A scenario packages one specific situation you want to put your agent into, plus what “handled it correctly” means for that situation. Think of it like a briefing you’d hand someone walking into a case cold — the state of things right now, what’s unfolding, and what a good resolution looks like:
- Starting state — what the mock services know when the simulation starts (Maria Chen has two $47.50 charges from Bella Cucina on March 5), plus any broader context (a payment-processor outage, a market holiday). This is the world the agent wakes up into.
- Actor — whoever triggers the agent and keeps the interaction going. A persona with objectives (a customer pursuing a refund), an incoming webhook payload, a scheduled job. For multi-turn scenarios the actor drives the conversation toward its objectives until they’re met or the turn budget runs out.

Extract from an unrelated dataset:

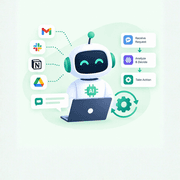 AI Agents & Automations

- Success criteria — boolean checks evaluated against the transcript and final service state. They define what “handled correctly” means for this scenario.
One scenario executed end-to-end against your agent is a simulation.
Assertions
Assertions define what “success” means for an individual scenario — two or three independent boolean checks, evaluated after the simulation completes.
Scenario sets
Scenarios are organized into scenario sets — collections generated or uploaded together. veris scenarios create produces a scenario set containing multiple scenarios plus a grader that matches them.
Graders
Where assertions check scenario-specific outcomes, a grader checks general agent behaviors across a scenario set — hallucination, tool-use correctness, communication quality, and similar patterns. Graders read the same simulation trace assertions do; they just score things that aren’t tied to any one scenario.
Generating scenarios
veris scenarios create
veris scenarios create --num 10
veris scenarios status <SET_ID> --watchGeneration analyzes your agent’s code, identifies its capabilities and service integrations, and produces scenarios that exercise different code paths and edge cases — plus a grader tuned to the set.
Scenario types
When generating from the console, you can bias the distribution toward one type:
| Type | What it covers |
|---|---|
| Mixed (default) | A natural distribution across the other types |
| Simple | Straightforward happy-path interactions |
| Complex | Multi-step, multi-service, or multi-actor interactions |
| Error Handling | Service failures, bad data, tool errors the agent needs to recover from |
| Edge Case | Unusual or rare-but-legitimate situations |
| Adversarial | Deceptive, hostile, or agent-breaking actor behavior |
| Out of Scope | Requests the agent shouldn’t or can’t handle |
The CLI’s veris scenarios create today uses the default Mixed distribution.
CLI Commands
# Generate a scenario set and a matching grader
veris scenarios create [--num N] [--env-id ID]
# Check generation progress
veris scenarios status <SET_ID> [--watch]
# List scenario sets
veris scenarios list [--env-id ID]
# Open in console
veris scenarios get <SET_ID>
# Delete a scenario set
veris scenarios delete <SET_ID>Using the console
The Scenarios page lists all scenario sets with their title, status, scenario count, and the grader mapped to the set. Click a scenario set to view individual scenarios and their details.